───── MATERIAL SHOWN ─────

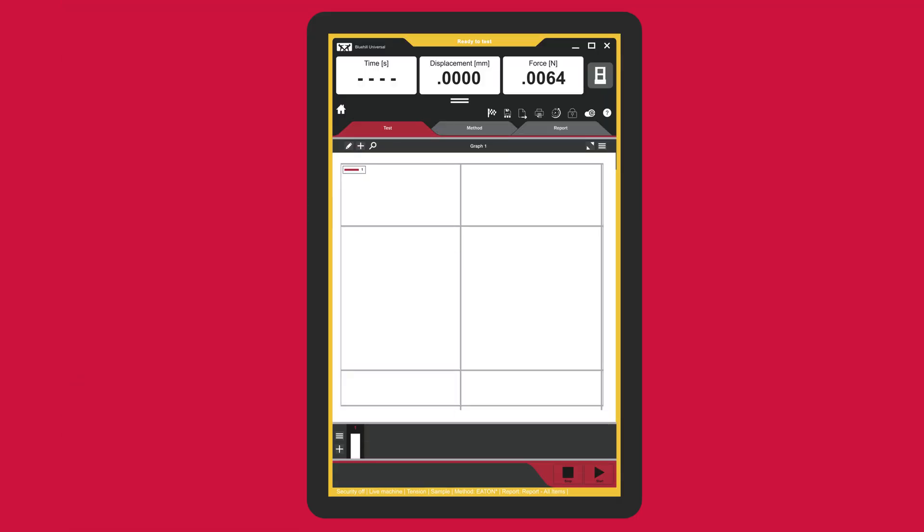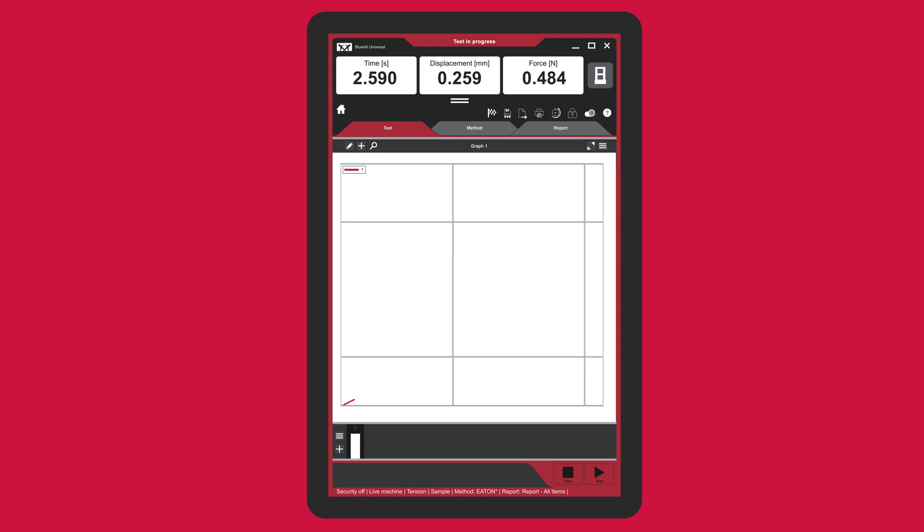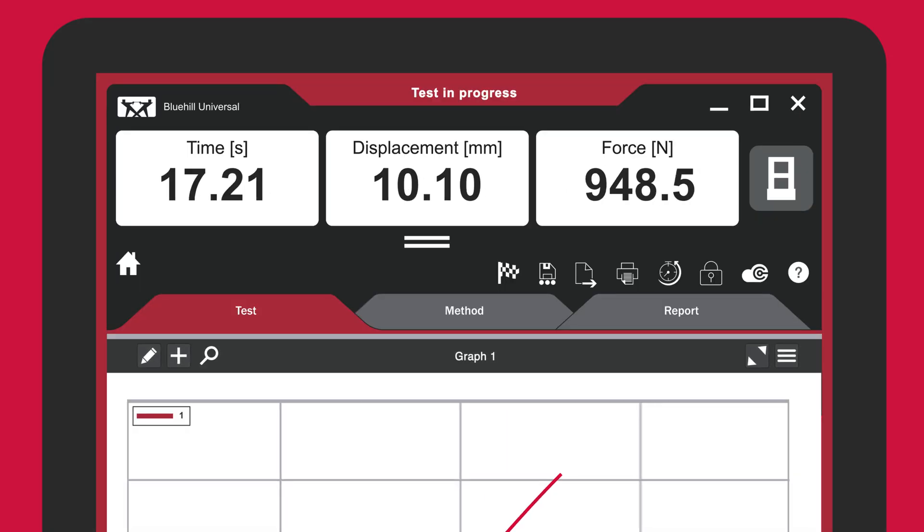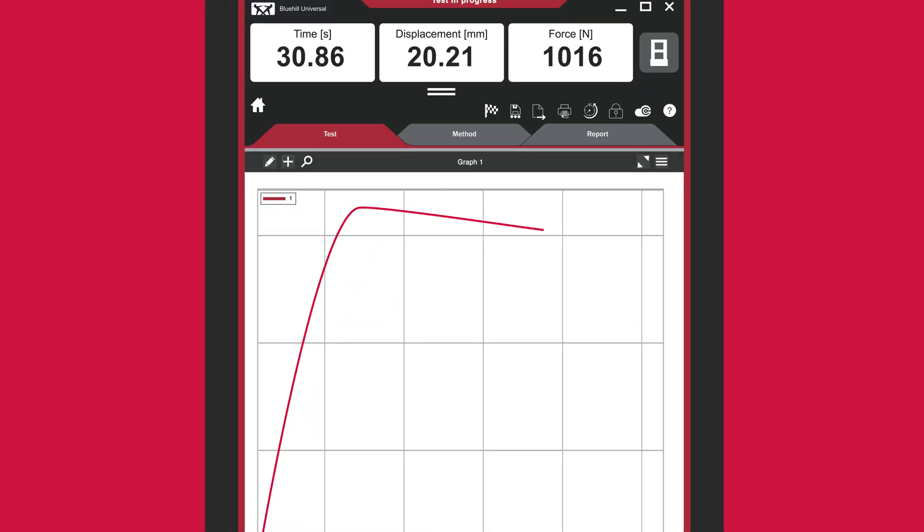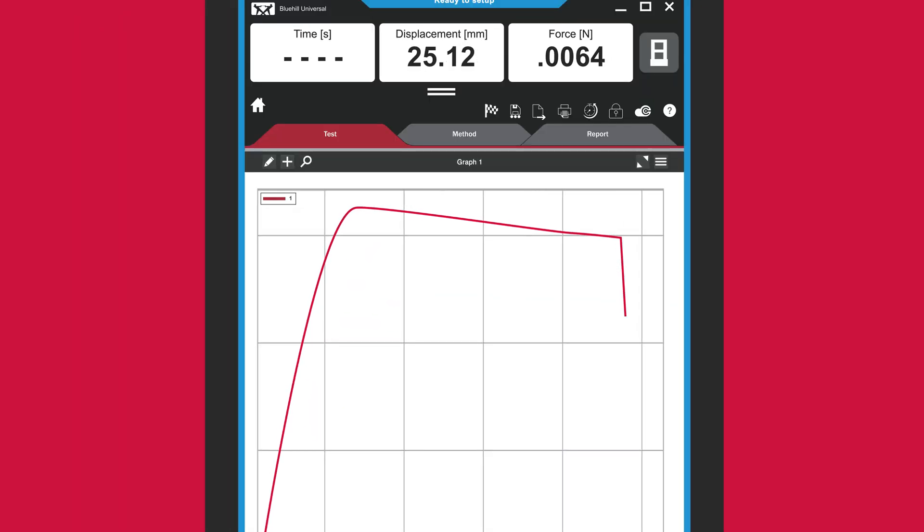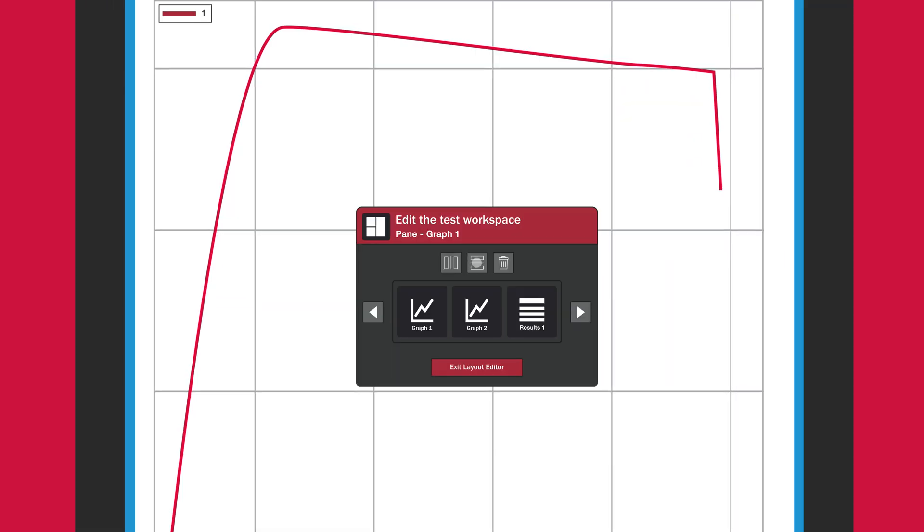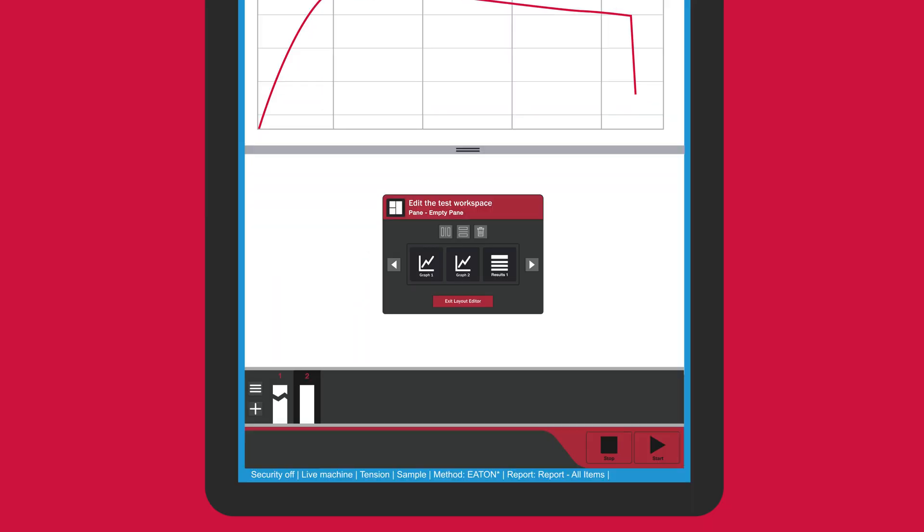Live data channels are visible in both the live display panel and the graph within the test workspace. Getting a closer look at your data is easy with the customizable layout editor and graphing tools.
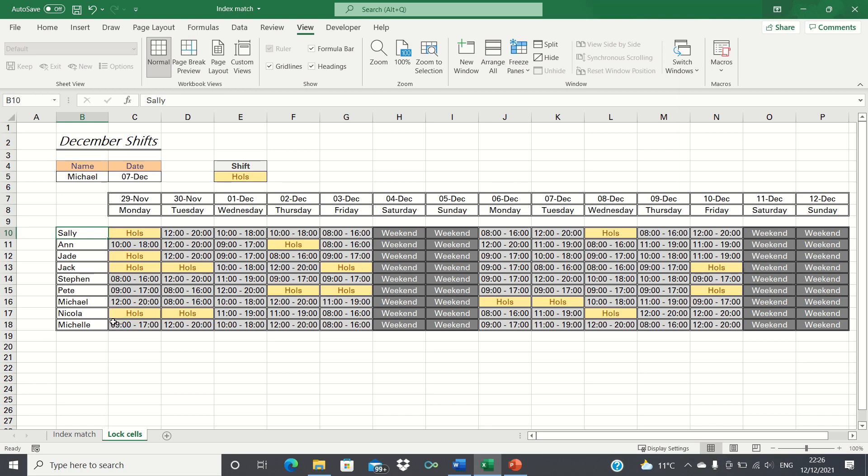In our example we have the shift patterns in a call center and the purpose of this is to enable agents to view their shift patterns in the coming weeks. Most of the worksheet should therefore be protected and locked from being edited to prevent agents changing their shifts.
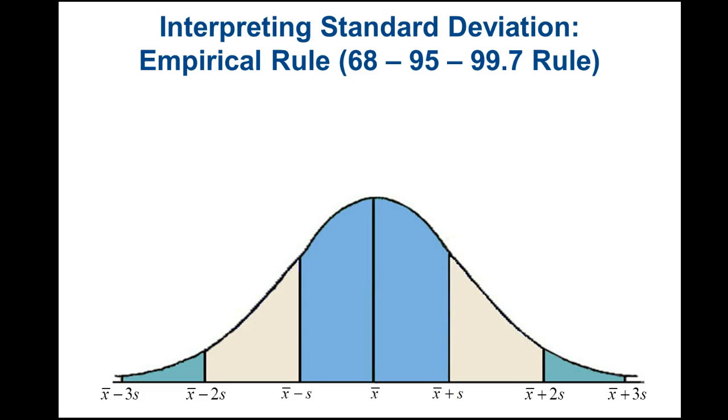Welcome to Stat Lab StatCrunch videos. Today we're going to be looking at how to use StatCrunch for the empirical rule. Most of the real-life data that we use is either symmetrical or bell-shaped.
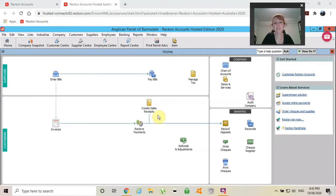Hello fellow treasurers, Danielle here again. Thanks for joining me on this tutorial, which is all on the Chart of Accounts.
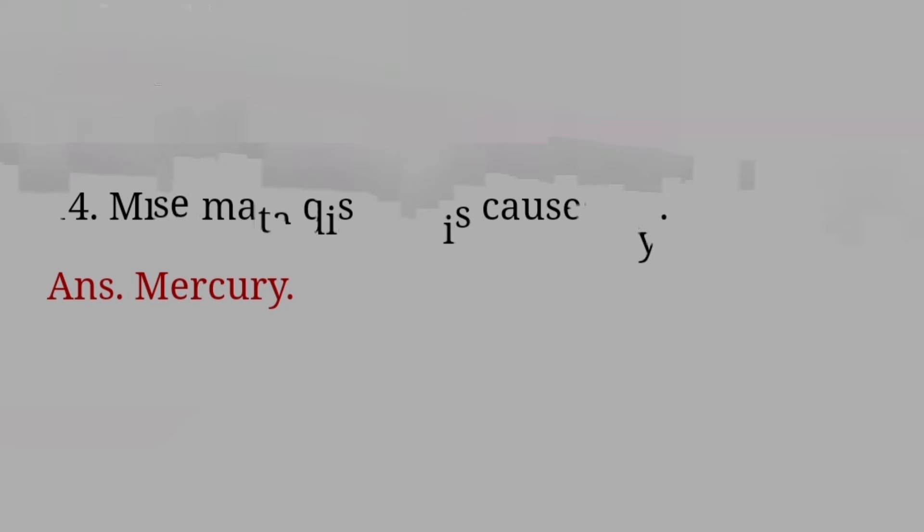Entomology is the study of? Answer: Insects. How many watts in one horsepower? Answer: 746 Watt. Which metal is liquid at room temperature? Answer: Gallium.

─────

PROBLEM DETAILS>
Reproduce the records word for word, please, from their first line up to and including the line that contains "Welcome to Stat", but no pictures.

COMPLETED TASK>
Live data channels are visible in both the live display panel and the graph within the test workspace. Getting a closer look at your data is easy with the customizable layout editor and graphing tools.
In our example we have the shift patterns in a call center and the purpose of this is to enable agents to view their shift patterns in the coming weeks. Most of the worksheet should therefore be protected and locked from being edited to prevent agents changing their shifts.
Welcome to Stat Lab StatCrunch videos. Today we're going to be looking at how to use StatCrunch for the empirical rule. Most of the real-life data that we use is either symmetrical or bell-shaped.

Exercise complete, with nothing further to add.